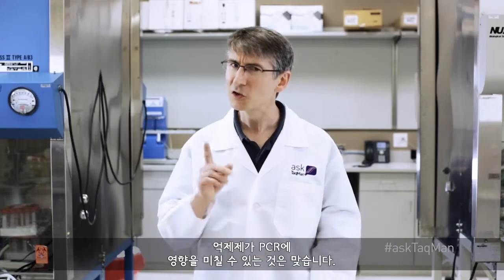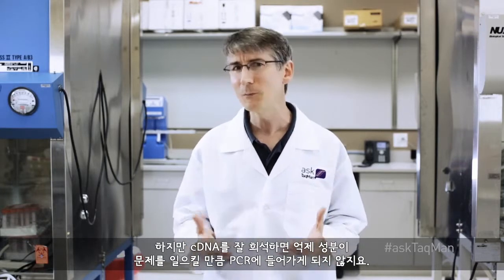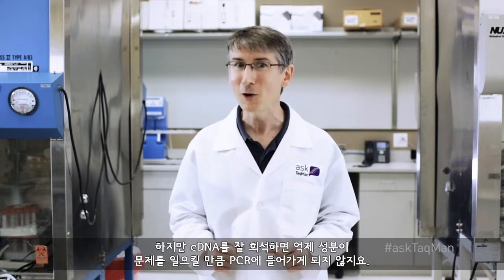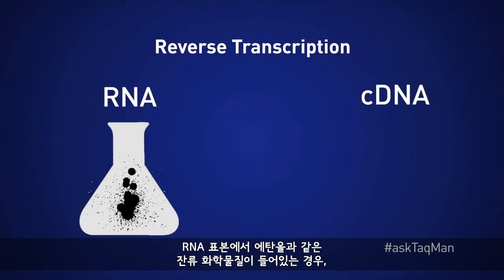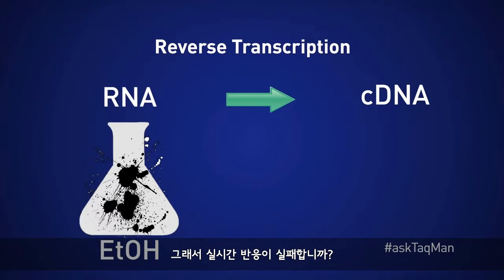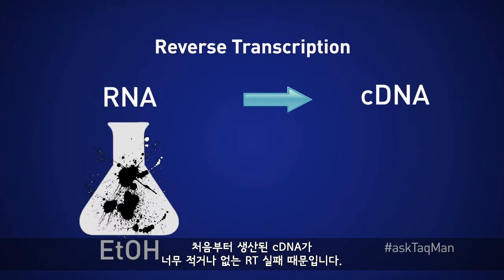Yes and no. It's true that inhibitors can have an impact on PCR, but cDNA tends to be fairly dilute, and so inhibiting compounds are rarely introduced into PCR at sufficient quantities to cause problems. That said, if the original RNA sample is really dirty or contains lots of residual chemicals from the RNA prep, such as ethanol, it's likely that the reverse transcription step itself won't be successful. So failed real-time reactions are often not caused by cDNA being dirty, but rather by an unsuccessful RT that produced little or no cDNA in the first place.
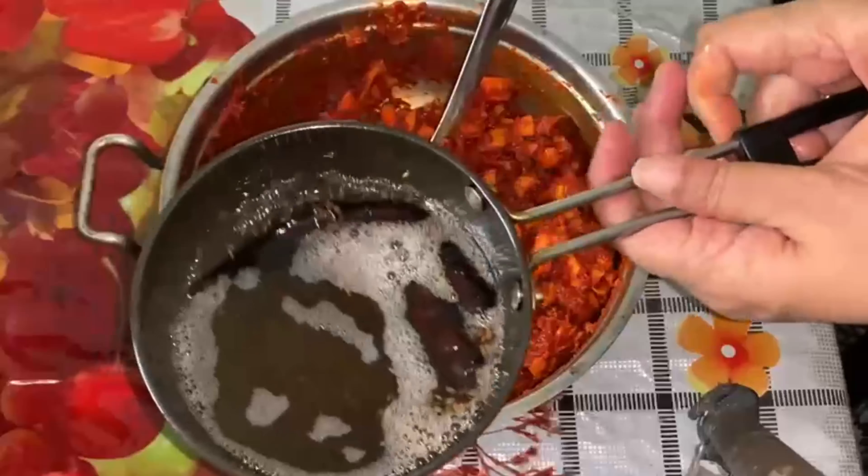I am going to make the sauce. Let's start with the sauce. Now we are going to store it in a sauce. This is how it is going to be simple. Thank you.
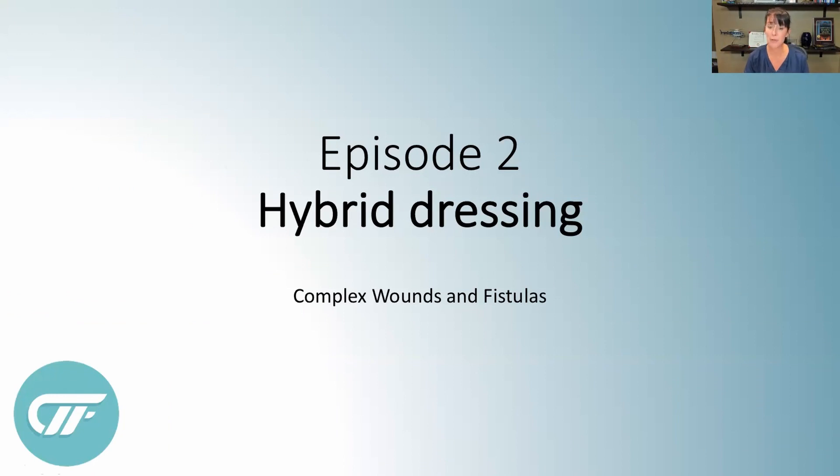Hi, I'm Marianne Oaks and I'm a Complex Abdomen Specialist at Regents Hospital in St. Paul. Today we're on series number two of our program where we're talking about how do I do that at my facility. One of the things that we love to do on Fistula Fun Fridays is do hybrid dressings. Remember to hit the subscribe button and become part of our fistula tribe. You can also find more information at complexwounds.com.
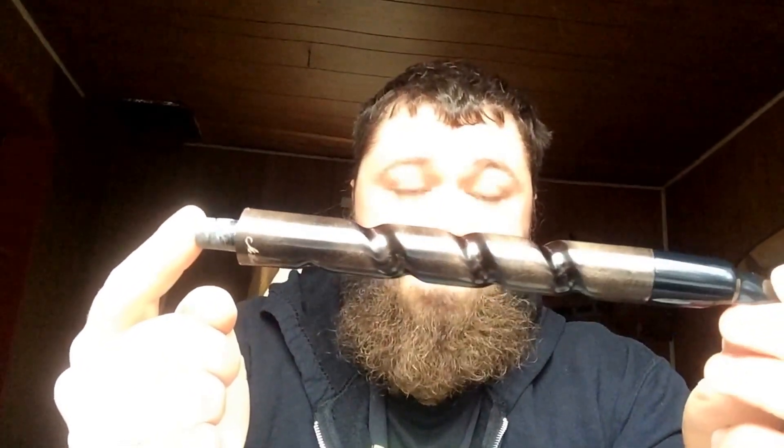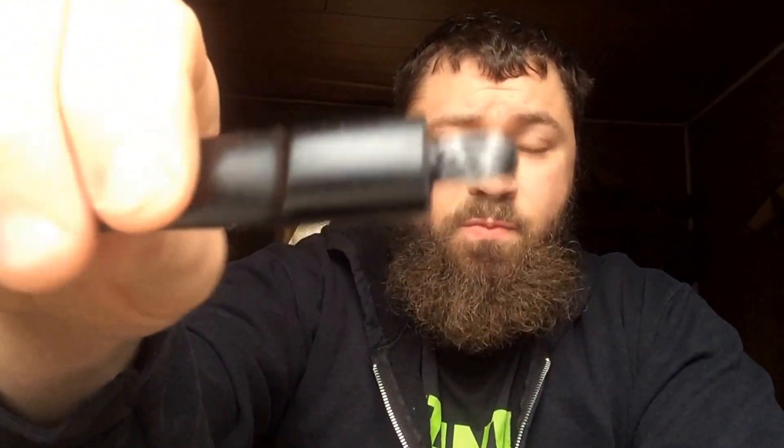This is one of the stems — this is the stem for the number 16 church warden. This is the stem for my artisan pipe. As you can see, I added a little bit more epoxy to that, and this obviously needs to be sanded down, not only because of the excess on here, but also because it won't go back into the shank.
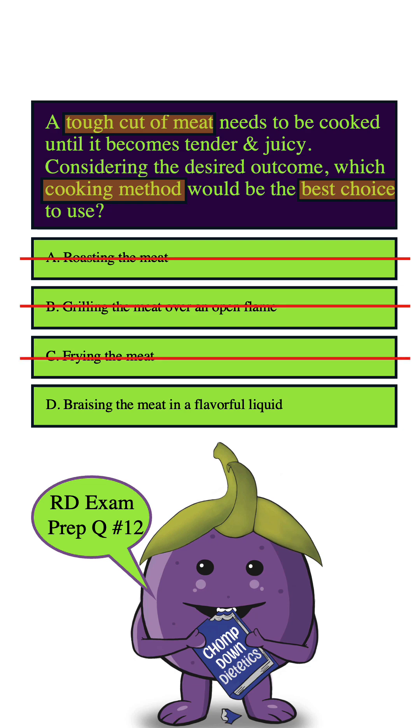D. Braising the meat in a flavorful liquid. Braising is definitely the most suitable method for cooking a tough cut of meat because it's a moist heat method — and it's the only moist heat method among all these answer choices. By using liquid like broth, wine, or water,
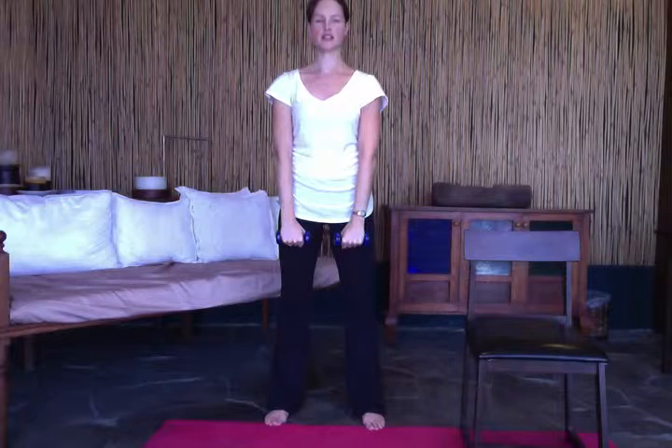Okay ladies, we're gonna go ahead and get started with session number four. We're gonna start by doing an upper body exercise, so you want to stand up nice and tall with your shoulders going down your back. We're going to be doing a front raise into a pull back and then into a W.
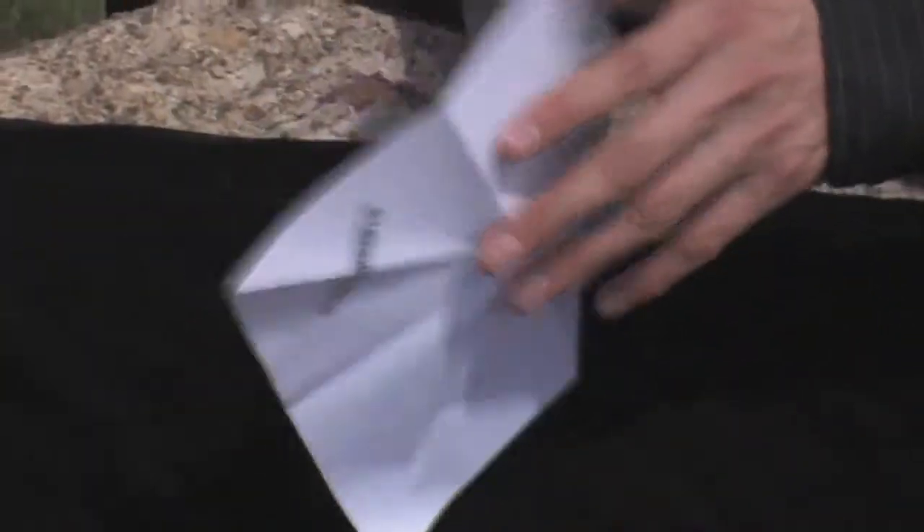We're going to take these corners and fold them in to make a smaller box.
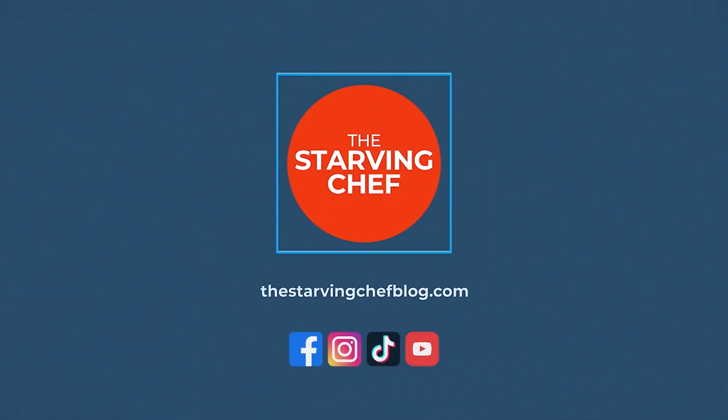What fictional chef should I make next? Let me know in the comments. If you liked this recipe, don't forget to flip that sub button and ring the dinner bell so you can be notified of my latest recipes and foodie adventures that I post every week. You can find this recipe and many more with ingredient amounts and step-by-step instructions over on thestarvingchefblog.com. I hope you all enjoyed!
____
Problem details:
Copy the entries above verbatim. Pictures do not belong in the copy.

Output for this task:
Yes and no. It's true that inhibitors can have an impact on PCR, but cDNA tends to be fairly dilute, and so inhibiting compounds are rarely introduced into PCR at sufficient quantities to cause problems. That said, if the original RNA sample is really dirty or contains lots of residual chemicals from the RNA prep, such as ethanol, it's likely that the reverse transcription step itself won't be successful. So failed real-time reactions are often not caused by cDNA being dirty, but rather by an unsuccessful RT that produced little or no cDNA in the first place.
I am going to make the sauce. Let's start with the sauce. Now we are going to store it in a sauce. This is how it is going to be simple. Thank you.
Hi, I'm Marianne Oaks and I'm a Complex Abdomen Specialist at Regents Hospital in St. Paul. Today we're on series number two of our program where we're talking about how do I do that at my facility. One of the things that we love to do on Fistula Fun Fridays is do hybrid dressings. Remember to hit the subscribe button and become part of our fistula tribe. You can also find more information at complexwounds.com.
This is one of the stems — this is the stem for the number 16 church warden. This is the stem for my artisan pipe. As you can see, I added a little bit more epoxy to that, and this obviously needs to be sanded down, not only because of the excess on here, but also because it won't go back into the shank.
D. Braising the meat in a flavorful liquid. Braising is definitely the most suitable method for cooking a tough cut of meat because it's a moist heat method — and it's the only moist heat method among all these answer choices. By using liquid like broth, wine, or water,
Okay ladies, we're gonna go ahead and get started with session number four. We're gonna start by doing an upper body exercise, so you want to stand up nice and tall with your shoulders going down your back. We're going to be doing a front raise into a pull back and then into a W.
We're going to take these corners and fold them in to make a smaller box.
What fictional chef should I make next? Let me know in the comments. If you liked this recipe, don't forget to flip that sub button and ring the dinner bell so you can be notified of my latest recipes and foodie adventures that I post every week. You can find this recipe and many more with ingredient amounts and step-by-step instructions over on thestarvingchefblog.com. I hope you all enjoyed!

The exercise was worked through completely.